The turbulent regime of non-Newtonian flows presents a particular interest as flow behavior is directly affected by the internal microstructure type of the fluid. Differences in the dispersed phase of a particle laden flow can either lead to drag reduction and turbulence attenuation or to drag and turbulence enhancement in polymer flows and dense suspensions, respectively. A general concept of non-Newtonian fluid flow may be considered in a continuous manner through the micropolar theory, recognizing the limitations that bound this theory. In recent articles [Sofiadis and Sarris, “Microrotation viscosity effect on turbulent micropolar fluid channel flow,” Phys. Fluids 33, 095126 (2021); Sofiadis and Sarris, “Turbulence intensity modulation by micropolar fluids,” Fluids 6, 195 (2021)], the micropolar viscosity effect of the turbulent channel flow under constant Reynolds number and its turbulent modulation were investigated. The present study focuses on the investigation of the turbulent micropolar regime as the Reynolds number increases in a channel flow. Findings support that the micropolar stress, which was found to assist turbulence enhancement in the present model, attenuates as Re increases.
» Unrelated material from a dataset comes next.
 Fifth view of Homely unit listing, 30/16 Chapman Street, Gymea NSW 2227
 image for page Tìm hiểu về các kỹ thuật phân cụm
Effects on the friction behavior of the flow, as Reynolds number increases, become more important for cases of higher micropolar viscosity, where a reverse drag behavior is observed as compared to lower micropolar viscosity ones. Finally, turbulence intensification for these cases declines close to the wall in contrast to lower micropolar viscosity flows, which manage to sustain high turbulence and increase drag in the near-wall region along with Re.